== Supplied information

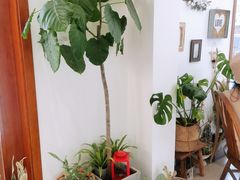 -AHAVA·Fang Baking Studio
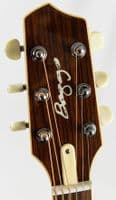 Lr Baggs AEG-1 Acoustic Electric Guitar Sunburst, Inc Gigbag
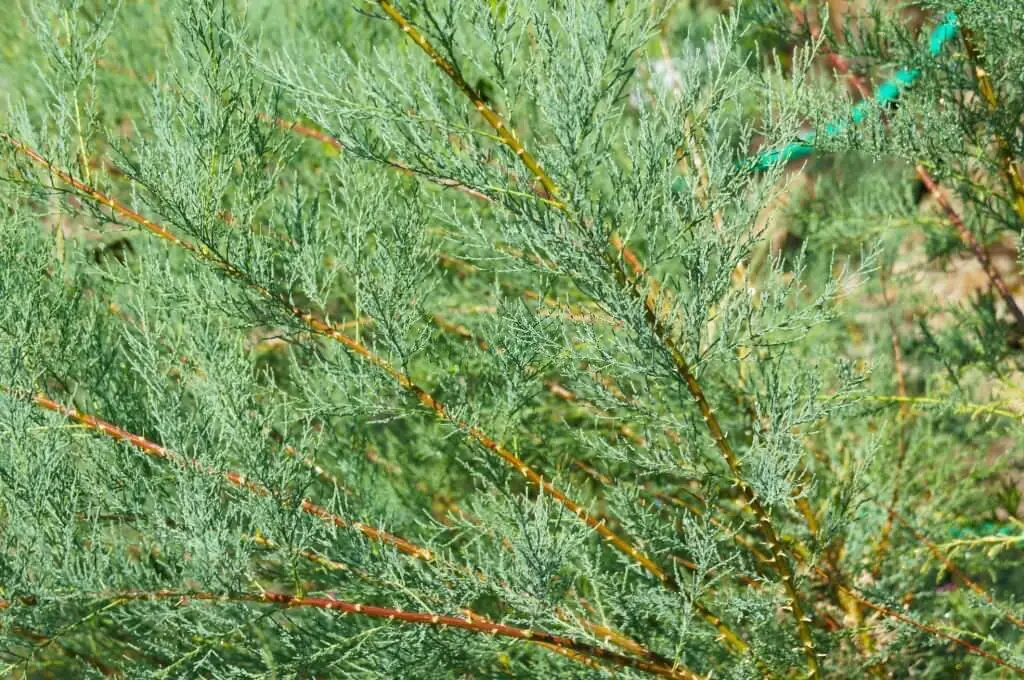 Rocky Mountain Juniper (Juniperus scopulorum)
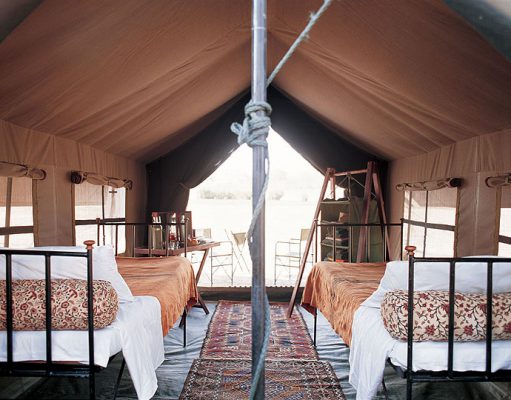 Mobile Safaris gallery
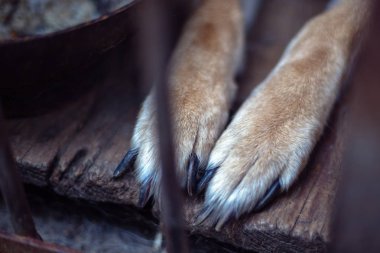 Yaşlı bir kuşhanede büyük üzgün bir çoban. Tonlanmış, tarz fotoğrafı.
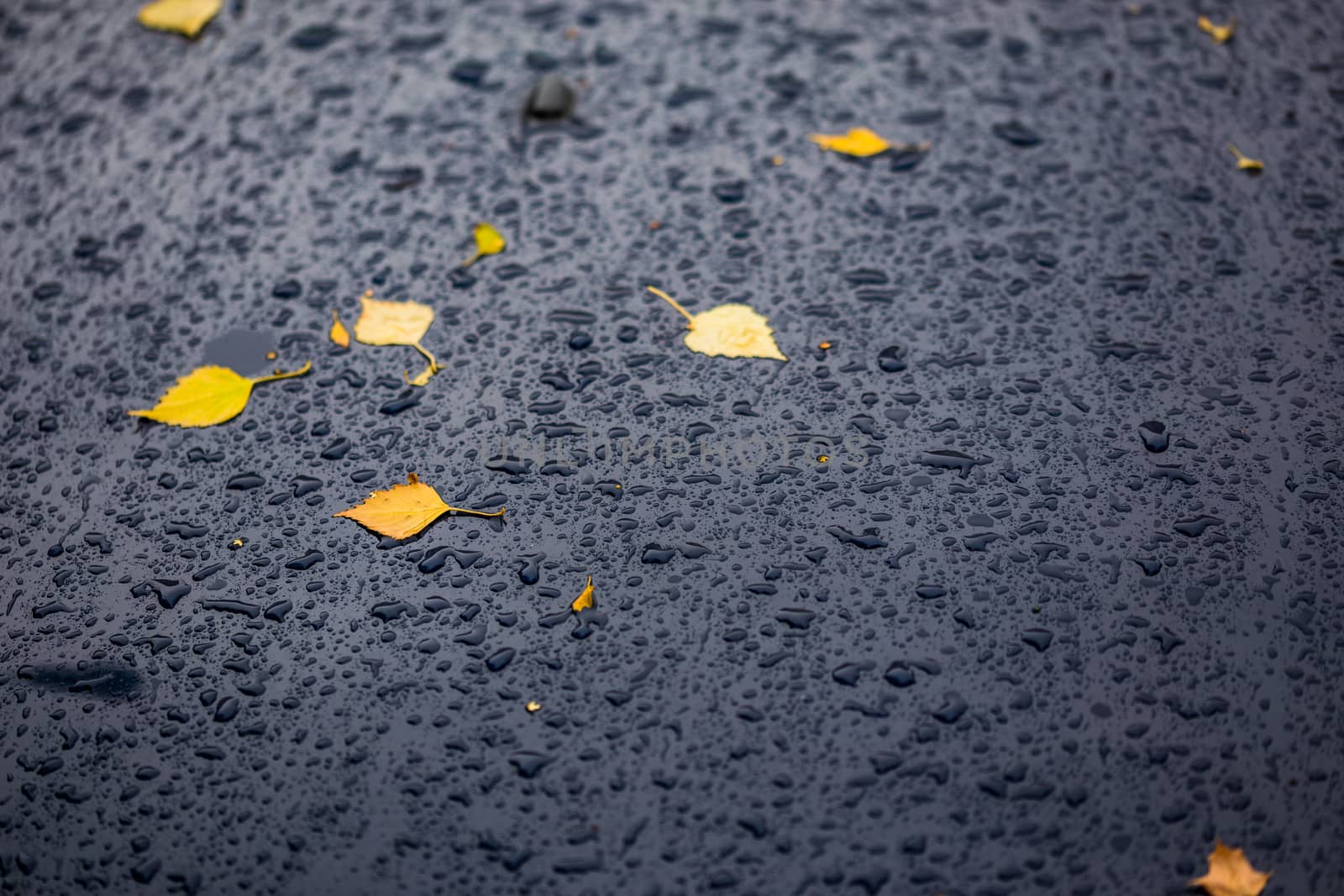 deep blue car at autumn rainy day with yellow birch leaves - selective focus with blur closeup composition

====

Task to complete: Print the preceding material over again exactly. Please leave the pictures out.

Exercise output:
 -AHAVA·Fang Baking Studio
 Lr Baggs AEG-1 Acoustic Electric Guitar Sunburst, Inc Gigbag
 Rocky Mountain Juniper (Juniperus scopulorum)
 Mobile Safaris gallery
 Yaşlı bir kuşhanede büyük üzgün bir çoban. Tonlanmış, tarz fotoğrafı.
 deep blue car at autumn rainy day with yellow birch leaves - selective focus with blur closeup composition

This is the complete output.